A lógica de um linchamento. Por Marcelo Veras
Um linchamento não é feito com justiça, tampouco com argumentação ou tempo para compreensão. O linchamento é um ato mortífero desencadeado quando alguém é manipulado o suficiente para deixar-se hipnotisar e agir cegamento pelo controle do mestre.
Aqui não falamos de um mestre que transmite sabedoria, mas do mestre que consegue mobilizar nossa pulsão de morte e agenciá-la de modo a seguir apenas os seus desígnios. A grande descoberta dos últimos anos é que a rede social é perfeita para hipnotizar asseclas e levá-los à ação.
Quando uma nação chega nesse patamar é muito difícil recuar, estamos em pleno território da crítica da razão surda, falamos aos muros, como dizia Lacan. O linchamento é a estratégia de quem cede sua subjetividade em favor de uma voz que ordena: mate, suprima, extermine esse outro que me perturba.
Essa semana tivemos dois exemplos de linchamento explícito. Duvido que mais do que umas 20 mil pessoas conheçam ou tenham lido a filósofa Judith Butler no Brasil. Nosso país é inculto, Butler é uma filósofa sofisticada e perturbadora, mesmo que em vários momentos eu mesmo tenha questionado seus textos. Agradeço sua obra por me por a pensar. Como então mais de 100 mil pessoas a repudiam em uma petição para cancelamento de sua palestra no SESC? Quando se faz uma petição sem conhecimento de causa, estamos na era do linchamento. É quando aquele que apedreja não se deu conta que ele mesmo foi reduzido a uma pedra.

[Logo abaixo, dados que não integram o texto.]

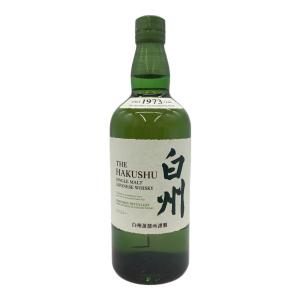 SUNTORY (サントリー) ジャパニーズウィスキー 白州 ノンエイジ 700ml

O FIAC, Festival Internacional de Artes Cênicas, é um dos eventos mais interessantes na Bahia. Quando fui diretor da Fundação da UFBA tive a felicidade de poder apoiar esse evento. Lembro do trabalho insano de Nehle Franke e Ricardo Libório para trazer o teatro do mundo para as cenas baianas. Eram situações louquíssimas, mil coisas davam errado e exigiam um verdadeiro contorcionismo para avançar. E ainda assim o festival era um sucesso. Após São Paulo, o FIAC foi a nova vítima de um linchamento, “O Evangelho Segundo Jesus, Rainha do Céu” é uma peça que desconheço, mas tenho certeza que vetar sua apresentação segue a lógica do linchamento. Um Jesus Trans, como isso ofende! Jesus teria que ser um macho alfa? Prefiro-o sensível como uma mulher. Fiquei feliz e agradeço o ICBA por ter permitido sua encenação.
Jesus nunca mandou jogar pedras, hoje em nome de Jesus se apedreja. É nesse ponto que é preciso alertar que a religião não tem nada a ver com isso, ela tem sido usada para manipulações muito menos nobres.